Gold News

New CBGA Affirms Gold's "Monetary Role" But Lacks Sales Limit

Central bank gold sales no longer capped by 2,000-tonne ceiling to 2019 "because disposals finished"... 
 
CENTRAL BANK gold sales by Western European holders look unlikely for the foreseeable future after a new agreement was announced on Monday.
 
Repeating the spirit of 3 previous central-bank gold agreements (CBGAs) however, today's announcement lacks their specific annual limit or 5-year ceiling.
 
Between them, the Eurozone's central banks are the largest official-sector holders of gold, still hoarding some 11,945 tonnes (around 6% of the world's above-ground stock) four decades after the Gold Standard ended with the United States refusing to redeem Dollars for gold bullion.
 
These sales agreements were first signed in September 1999 after the UK Treasury suddenly announced it would sell half the nation's gold, spiking the price down to new two-decade lows.
 
Known since as CBGA1, that deal was seen putting a floor under gold sentiment and prices, while allowing Europe's central banks to sell more gold than they had already – some 2,000 tonnes by September 2004.
 
The next CBGA raised its 5-year ceiling to 2,500 tonnes for European central bank gold sales.
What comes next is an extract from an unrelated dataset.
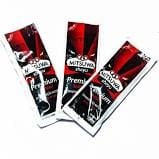 Shoyu sache - 1 unidade    ----------tags------------- Sushi/japa/culinária japonesa/sushi em casa / promoções/makimonos/Philadelphia/filadélfia/hot filadélfia/ hot Philadelphia/sunomono/entre grátis/combinados/Carpaccio/cevite/sashimi de salmão/sushi por 1 real / promoção de hot/temaki/yakissoba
But with sales falling as the financial crisis hit from 2007, the total was reduced again to 2,000 for the third CBGA signed in 2009 – and since then, sales under that current agreement have totalled fewer than 24 tonnes amongst the European signatories.
 
In today's 200-word press release, containing the entire text of the agreement, the 21 central banks – all of the current Euro System members, plus Sweden's Riksbank and the Swiss National Bank – said that "Gold remains an important element of global monetary reserves [and] currently, they do not have any plans to sell significant amounts."
 
Any gold bullion transations "will continue to [be] coordinate[ed] so as to avoid market disturbances," but the annual and 5-year limits given in each previous agreement since Sept. 1999 are now missing.
 
Removing "the quantitative ceiling for annual gold sales," says market-development the World Gold Council, "provides a clear signal that [European] gold sales are essentially complete."
 
"This is extremely positive news," adds the World Gold Council's public policy director Natalie Dempster in London, "especially against a backdrop of ongoing gold purchases by emerging market countries.
 
"Gold-producing countries can be reassured that their economic development will not be undermined by uncoordinated sales of gold."